Problem details
Using the material that follows, output exactly the lines from the one containing "Graves with grave" through the one containing "Mountains. Slovakia Pond", with both ends kept.
Input data Block Start
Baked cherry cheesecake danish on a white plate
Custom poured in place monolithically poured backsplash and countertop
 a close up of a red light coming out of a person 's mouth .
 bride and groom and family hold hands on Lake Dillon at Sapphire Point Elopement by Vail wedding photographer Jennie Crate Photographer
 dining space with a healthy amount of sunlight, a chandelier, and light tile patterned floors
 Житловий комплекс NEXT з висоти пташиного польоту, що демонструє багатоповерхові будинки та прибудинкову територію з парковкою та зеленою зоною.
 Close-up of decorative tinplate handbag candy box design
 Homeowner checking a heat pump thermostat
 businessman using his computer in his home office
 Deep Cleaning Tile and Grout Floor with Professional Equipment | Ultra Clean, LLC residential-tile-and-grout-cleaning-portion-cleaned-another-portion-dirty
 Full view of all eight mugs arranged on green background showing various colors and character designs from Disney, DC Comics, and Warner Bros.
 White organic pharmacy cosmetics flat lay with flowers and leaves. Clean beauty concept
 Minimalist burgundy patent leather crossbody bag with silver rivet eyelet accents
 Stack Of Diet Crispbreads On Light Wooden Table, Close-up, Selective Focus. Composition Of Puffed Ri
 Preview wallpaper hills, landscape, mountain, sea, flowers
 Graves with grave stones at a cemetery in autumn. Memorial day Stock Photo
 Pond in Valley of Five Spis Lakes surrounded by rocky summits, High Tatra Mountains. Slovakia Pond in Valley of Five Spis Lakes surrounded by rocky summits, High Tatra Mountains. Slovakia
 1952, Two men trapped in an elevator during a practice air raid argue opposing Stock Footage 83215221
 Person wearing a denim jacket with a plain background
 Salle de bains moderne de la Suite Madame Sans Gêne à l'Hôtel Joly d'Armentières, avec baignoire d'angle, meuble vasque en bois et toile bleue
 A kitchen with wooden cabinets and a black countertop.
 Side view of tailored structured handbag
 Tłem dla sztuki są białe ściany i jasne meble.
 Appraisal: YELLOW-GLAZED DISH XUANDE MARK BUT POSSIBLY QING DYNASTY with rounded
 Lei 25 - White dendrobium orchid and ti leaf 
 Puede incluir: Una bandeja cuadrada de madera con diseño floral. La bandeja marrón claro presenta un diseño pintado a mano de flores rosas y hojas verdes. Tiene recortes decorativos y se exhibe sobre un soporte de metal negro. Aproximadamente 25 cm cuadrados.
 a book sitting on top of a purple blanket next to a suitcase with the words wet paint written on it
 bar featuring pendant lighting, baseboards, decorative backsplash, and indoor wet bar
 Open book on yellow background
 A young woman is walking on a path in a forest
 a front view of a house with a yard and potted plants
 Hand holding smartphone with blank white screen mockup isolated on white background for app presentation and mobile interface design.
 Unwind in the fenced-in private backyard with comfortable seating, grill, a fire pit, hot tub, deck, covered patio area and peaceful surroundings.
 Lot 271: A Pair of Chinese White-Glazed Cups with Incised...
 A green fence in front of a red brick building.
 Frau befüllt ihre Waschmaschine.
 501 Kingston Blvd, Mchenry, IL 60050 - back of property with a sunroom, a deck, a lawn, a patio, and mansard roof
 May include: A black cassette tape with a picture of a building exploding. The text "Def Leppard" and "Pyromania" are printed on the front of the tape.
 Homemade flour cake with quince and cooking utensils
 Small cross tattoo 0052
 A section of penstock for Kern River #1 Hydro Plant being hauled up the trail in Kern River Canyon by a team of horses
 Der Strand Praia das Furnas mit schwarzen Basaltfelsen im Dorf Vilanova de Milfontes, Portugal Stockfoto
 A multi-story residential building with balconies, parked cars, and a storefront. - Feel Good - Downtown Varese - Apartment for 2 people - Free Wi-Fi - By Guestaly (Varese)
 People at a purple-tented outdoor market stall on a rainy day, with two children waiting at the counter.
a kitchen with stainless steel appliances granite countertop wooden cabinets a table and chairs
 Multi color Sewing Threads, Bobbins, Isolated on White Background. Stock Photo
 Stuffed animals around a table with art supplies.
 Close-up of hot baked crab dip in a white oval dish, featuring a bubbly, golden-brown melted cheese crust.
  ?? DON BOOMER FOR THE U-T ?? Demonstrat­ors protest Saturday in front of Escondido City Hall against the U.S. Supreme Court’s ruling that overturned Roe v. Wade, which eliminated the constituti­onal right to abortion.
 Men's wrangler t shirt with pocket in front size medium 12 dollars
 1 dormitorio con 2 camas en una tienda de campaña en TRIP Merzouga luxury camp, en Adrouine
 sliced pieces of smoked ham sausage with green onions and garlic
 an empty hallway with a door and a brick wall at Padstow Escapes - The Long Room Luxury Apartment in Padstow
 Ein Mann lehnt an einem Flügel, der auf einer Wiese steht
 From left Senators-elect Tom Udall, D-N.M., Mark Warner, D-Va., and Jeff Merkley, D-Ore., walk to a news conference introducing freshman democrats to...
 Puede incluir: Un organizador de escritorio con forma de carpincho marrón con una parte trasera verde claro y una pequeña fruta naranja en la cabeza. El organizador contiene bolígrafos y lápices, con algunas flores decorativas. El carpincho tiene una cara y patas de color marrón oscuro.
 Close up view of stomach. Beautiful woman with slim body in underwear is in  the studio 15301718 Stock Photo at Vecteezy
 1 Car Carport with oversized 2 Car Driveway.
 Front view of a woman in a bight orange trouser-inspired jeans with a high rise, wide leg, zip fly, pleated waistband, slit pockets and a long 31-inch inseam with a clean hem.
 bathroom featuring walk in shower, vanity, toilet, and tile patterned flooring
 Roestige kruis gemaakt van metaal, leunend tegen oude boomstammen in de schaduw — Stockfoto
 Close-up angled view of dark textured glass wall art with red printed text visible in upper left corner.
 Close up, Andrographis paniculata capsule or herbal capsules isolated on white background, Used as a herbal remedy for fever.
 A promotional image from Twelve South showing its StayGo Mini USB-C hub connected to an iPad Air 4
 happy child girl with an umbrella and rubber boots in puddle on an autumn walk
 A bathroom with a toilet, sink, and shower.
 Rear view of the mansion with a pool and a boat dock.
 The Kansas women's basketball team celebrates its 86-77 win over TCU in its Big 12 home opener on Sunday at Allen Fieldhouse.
Input data Block End
Solution to this problem
 Graves with grave stones at a cemetery in autumn. Memorial day Stock Photo
 Pond in Valley of Five Spis Lakes surrounded by rocky summits, High Tatra Mountains. Slovakia Pond in Valley of Five Spis Lakes surrounded by rocky summits, High Tatra Mountains. Slovakia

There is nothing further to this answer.